Cormac’s conception of wild law is about observing and honoring the processes of Nature (yes, with a capital ‘n’) in our legal codes, but moreover, using these processes that naturally occur at every level of life on our planet, as models as far as how our own approaches to justice and governance in general might be able to work.
Cullinan is South African, but his work is applicable to any culture and society that wants to find ways of integrating “our” needs and those of “the environment.” If you’re curious or inspired enough to hear more about wild and earth law, let me know – I’m psyched to write more about it! But for now, I bring it up because it’s a way of contextualizing the experience I had this weekend.
A handful of 1Ls and I have founded an Environment and Animal Law Society at our law school. Part of our mission is to expand students’ awareness of not only environmental and animal rights issues on paper, but to provide an opportunity for people to connect with these issues in an embodied way. We want to grow our knowledge and our capacity to act in a way that is grounded in the physical experience of these issues as they play out daily in our world. This weekend we held our first event, which was a trip to the North Carolina Raptor Center.

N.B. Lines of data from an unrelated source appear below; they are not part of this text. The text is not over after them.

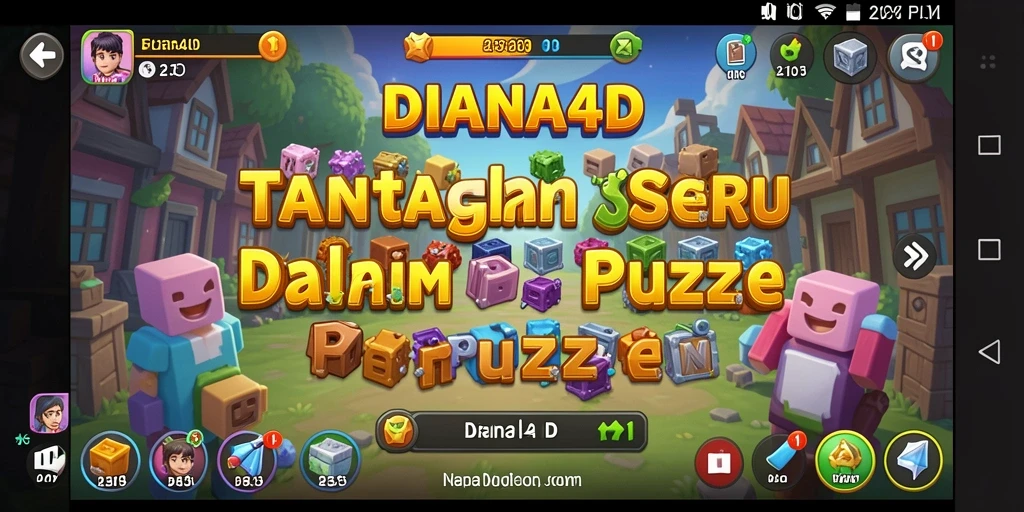 Tampilan gameplay DIANA4D yang menantang dan seru.
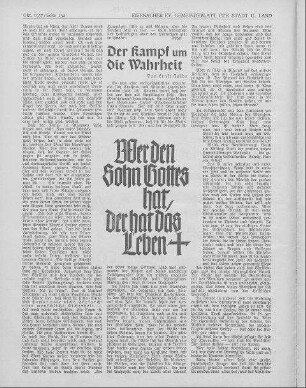 Der Kampf um die Wahrheit / Ernst Kalbe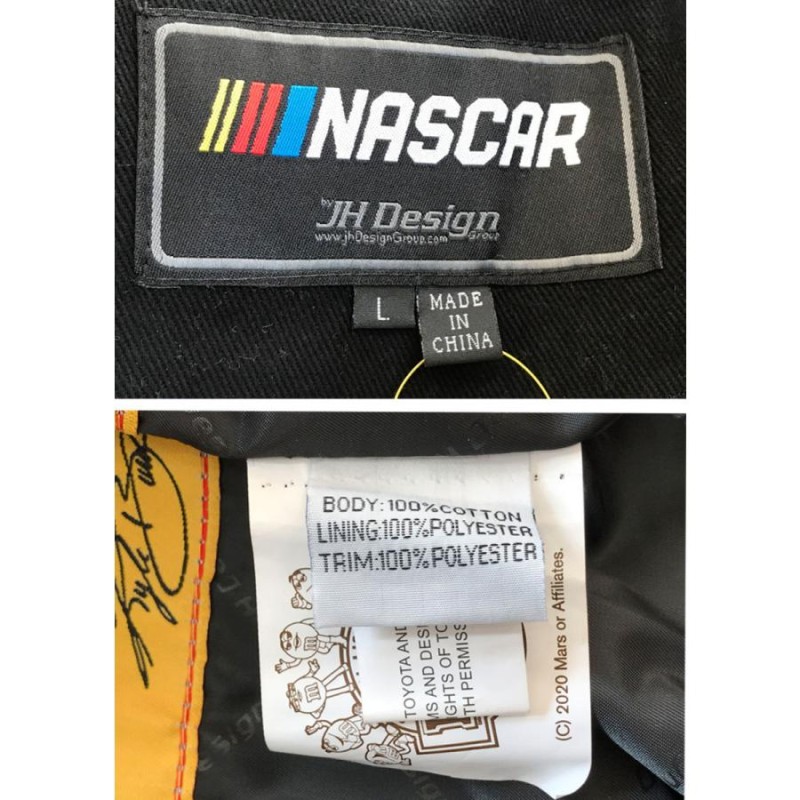 ナスカー jhデザイン レーシング ジャケット NASCAR jhDesign m&m's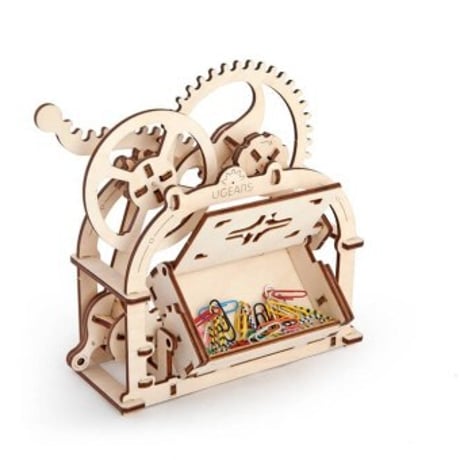 【公式】Ugears ユーギアーズ メカニカルボックス 70001 Mechanical Box 木のおもちゃ 3D立体 パズル 知育 ウッドパズル 工作キット 木製 模型 キット 3Dパズル 冬休み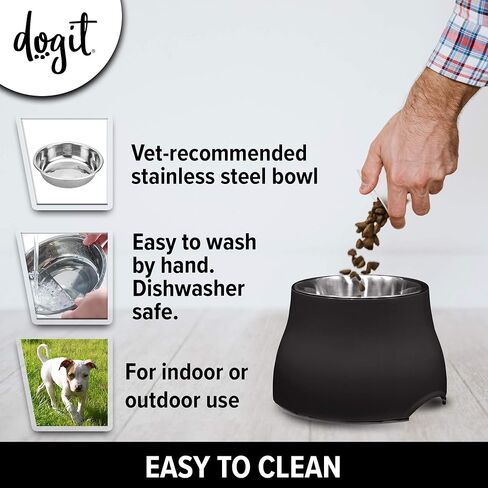 Dogit Elevated Dog Bowl, Blue in Saudi Arabia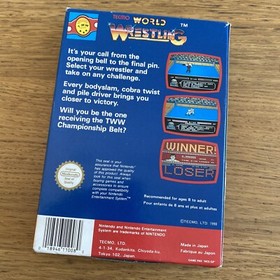 Jeu WORLD WRESTLING Tecmo- Complet - Nintendo NES - Version EEC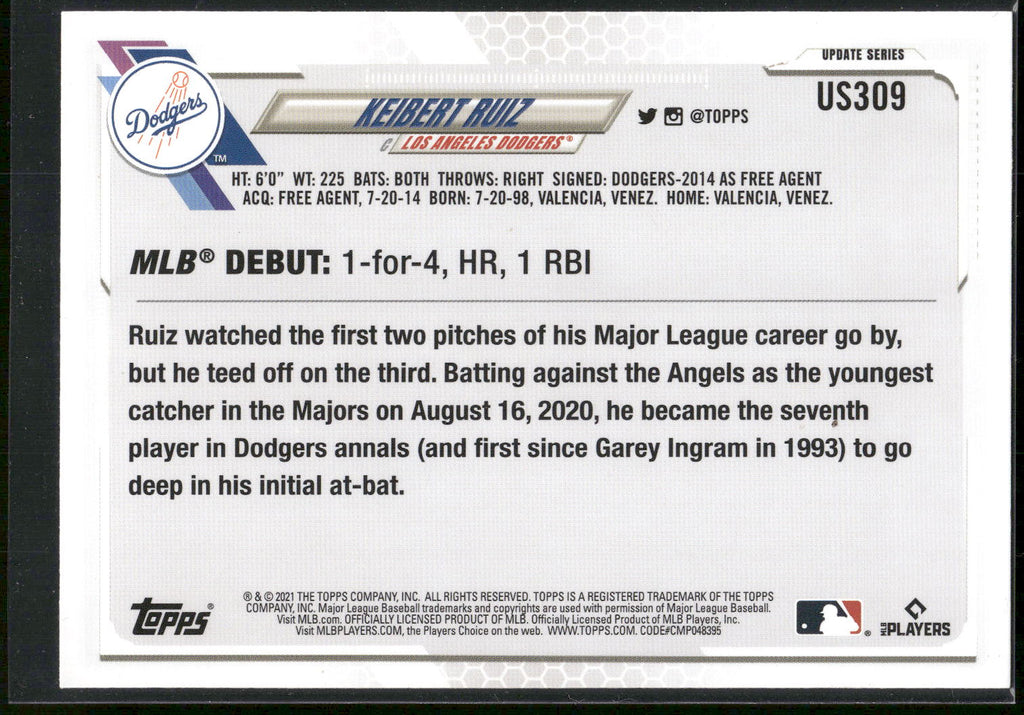 2021 Topps Update #US309 Keibert Ruiz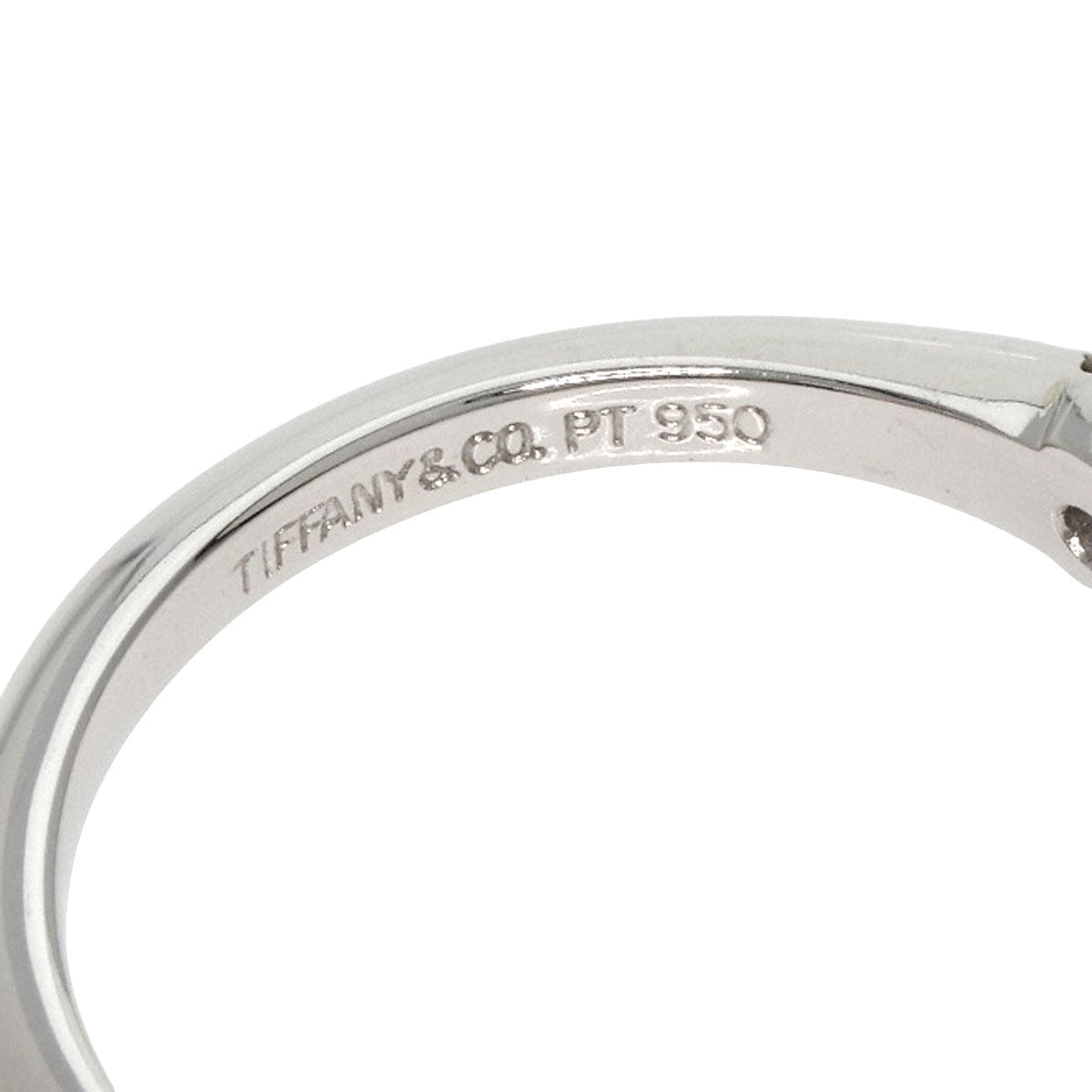 TIFFANY&Co.   Ring Solitaire Knife Edge 1P Diamond Platinum PT950 Ladies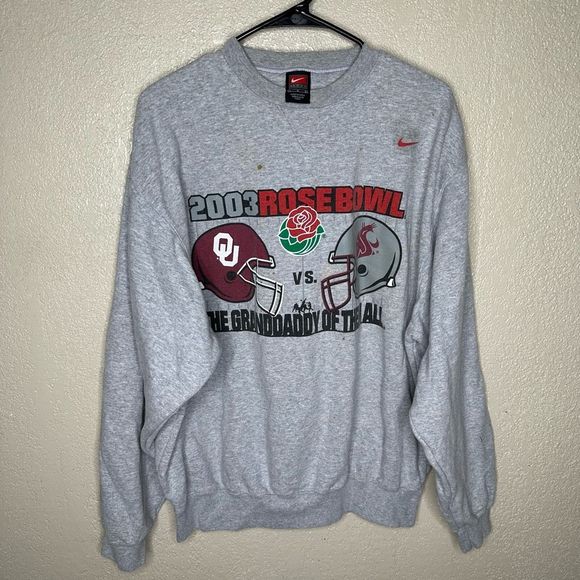 VTG 2003 Rose Bowl Oklahoma Sooners vs. WSU Nike Crewneck - Picture 2 of 5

The NC Raptor Center is renowned for the care it provides to so many trafficked and abused birds, but it’s also a fantastic spot for visiting to bolster your sense of connection to these creatures, and through that, become more enlightened as far as understanding the challenges they, and we as their stewards, face. It’s a great place to enjoy Nature (again, with a capital ‘n’) and engage in volunteer work that’s gratifying. It also literally gave us common ground on which we could stand to communicate about our views and ideas for change.